What you should do: Images excluded, repeat each entry below exactly.

(Collected data)
┌──
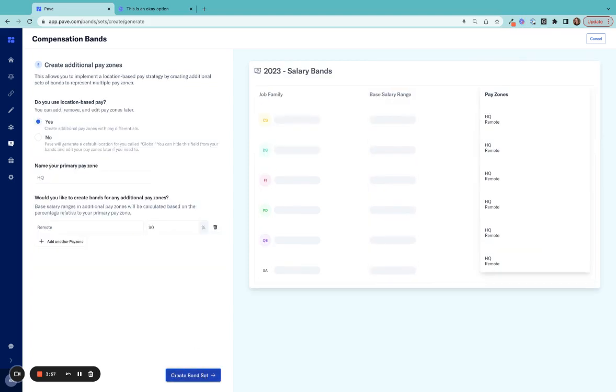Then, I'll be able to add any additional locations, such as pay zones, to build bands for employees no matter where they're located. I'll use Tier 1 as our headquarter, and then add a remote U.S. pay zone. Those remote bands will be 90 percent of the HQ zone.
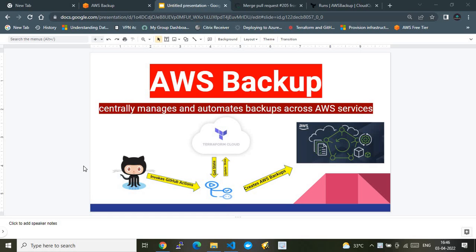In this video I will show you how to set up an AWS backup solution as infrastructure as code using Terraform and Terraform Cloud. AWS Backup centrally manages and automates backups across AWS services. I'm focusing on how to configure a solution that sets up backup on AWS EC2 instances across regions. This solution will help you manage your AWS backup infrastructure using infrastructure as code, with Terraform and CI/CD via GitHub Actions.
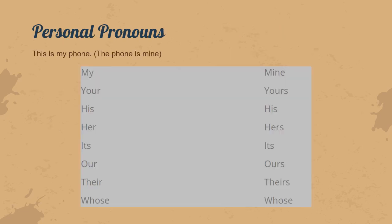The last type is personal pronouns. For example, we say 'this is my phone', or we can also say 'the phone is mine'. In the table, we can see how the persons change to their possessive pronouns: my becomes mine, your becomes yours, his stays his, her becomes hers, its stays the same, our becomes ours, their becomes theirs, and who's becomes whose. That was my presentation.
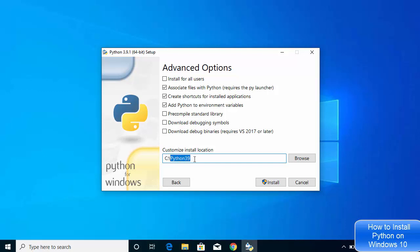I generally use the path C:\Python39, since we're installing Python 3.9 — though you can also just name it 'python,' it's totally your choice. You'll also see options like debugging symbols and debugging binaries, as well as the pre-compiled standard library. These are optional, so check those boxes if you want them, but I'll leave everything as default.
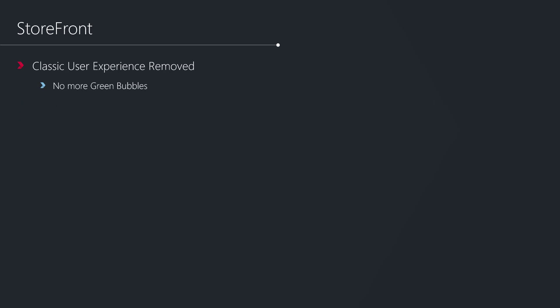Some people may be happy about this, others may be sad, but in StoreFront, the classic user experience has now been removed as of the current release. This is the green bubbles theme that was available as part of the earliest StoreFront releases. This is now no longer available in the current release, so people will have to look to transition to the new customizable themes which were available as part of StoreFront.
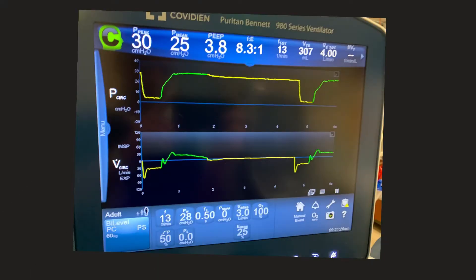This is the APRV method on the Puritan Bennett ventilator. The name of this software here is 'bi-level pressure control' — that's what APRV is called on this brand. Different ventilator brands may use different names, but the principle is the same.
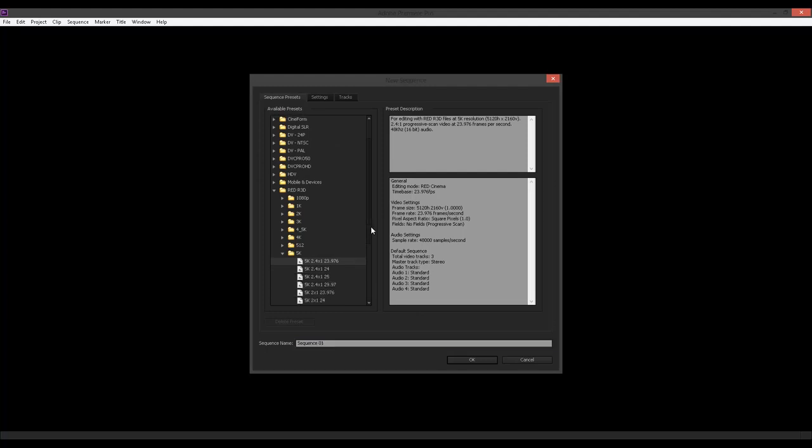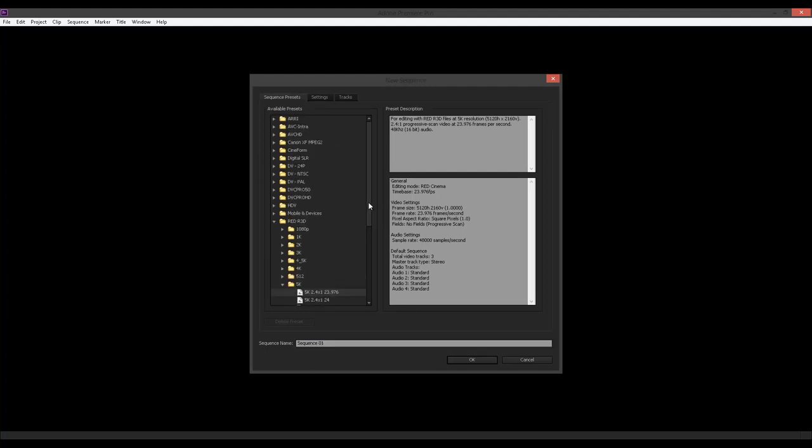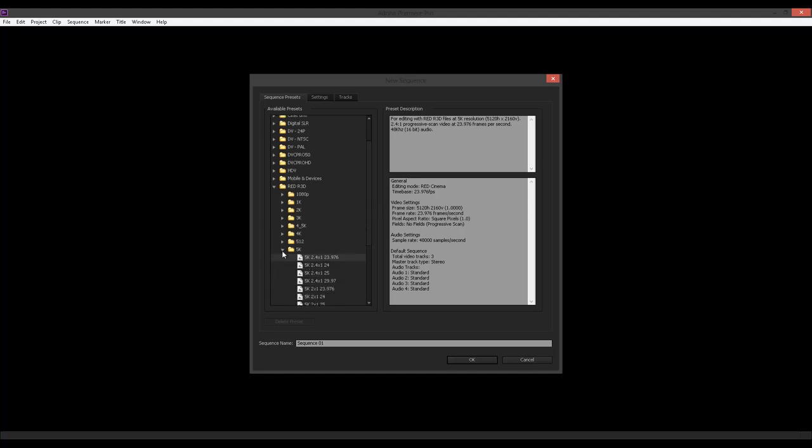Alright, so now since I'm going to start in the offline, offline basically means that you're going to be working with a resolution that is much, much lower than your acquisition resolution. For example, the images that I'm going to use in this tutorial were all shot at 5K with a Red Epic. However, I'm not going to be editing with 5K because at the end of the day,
└──
Your response:
Then, I'll be able to add any additional locations, such as pay zones, to build bands for employees no matter where they're located. I'll use Tier 1 as our headquarter, and then add a remote U.S. pay zone. Those remote bands will be 90 percent of the HQ zone.
In this video I will show you how to set up an AWS backup solution as infrastructure as code using Terraform and Terraform Cloud. AWS Backup centrally manages and automates backups across AWS services. I'm focusing on how to configure a solution that sets up backup on AWS EC2 instances across regions. This solution will help you manage your AWS backup infrastructure using infrastructure as code, with Terraform and CI/CD via GitHub Actions.
The last type is personal pronouns. For example, we say 'this is my phone', or we can also say 'the phone is mine'. In the table, we can see how the persons change to their possessive pronouns: my becomes mine, your becomes yours, his stays his, her becomes hers, its stays the same, our becomes ours, their becomes theirs, and who's becomes whose. That was my presentation.
I generally use the path C:\Python39, since we're installing Python 3.9 — though you can also just name it 'python,' it's totally your choice. You'll also see options like debugging symbols and debugging binaries, as well as the pre-compiled standard library. These are optional, so check those boxes if you want them, but I'll leave everything as default.
Some people may be happy about this, others may be sad, but in StoreFront, the classic user experience has now been removed as of the current release. This is the green bubbles theme that was available as part of the earliest StoreFront releases. This is now no longer available in the current release, so people will have to look to transition to the new customizable themes which were available as part of StoreFront.
This is the APRV method on the Puritan Bennett ventilator. The name of this software here is 'bi-level pressure control' — that's what APRV is called on this brand. Different ventilator brands may use different names, but the principle is the same.
Alright, so now since I'm going to start in the offline, offline basically means that you're going to be working with a resolution that is much, much lower than your acquisition resolution. For example, the images that I'm going to use in this tutorial were all shot at 5K with a Red Epic. However, I'm not going to be editing with 5K because at the end of the day,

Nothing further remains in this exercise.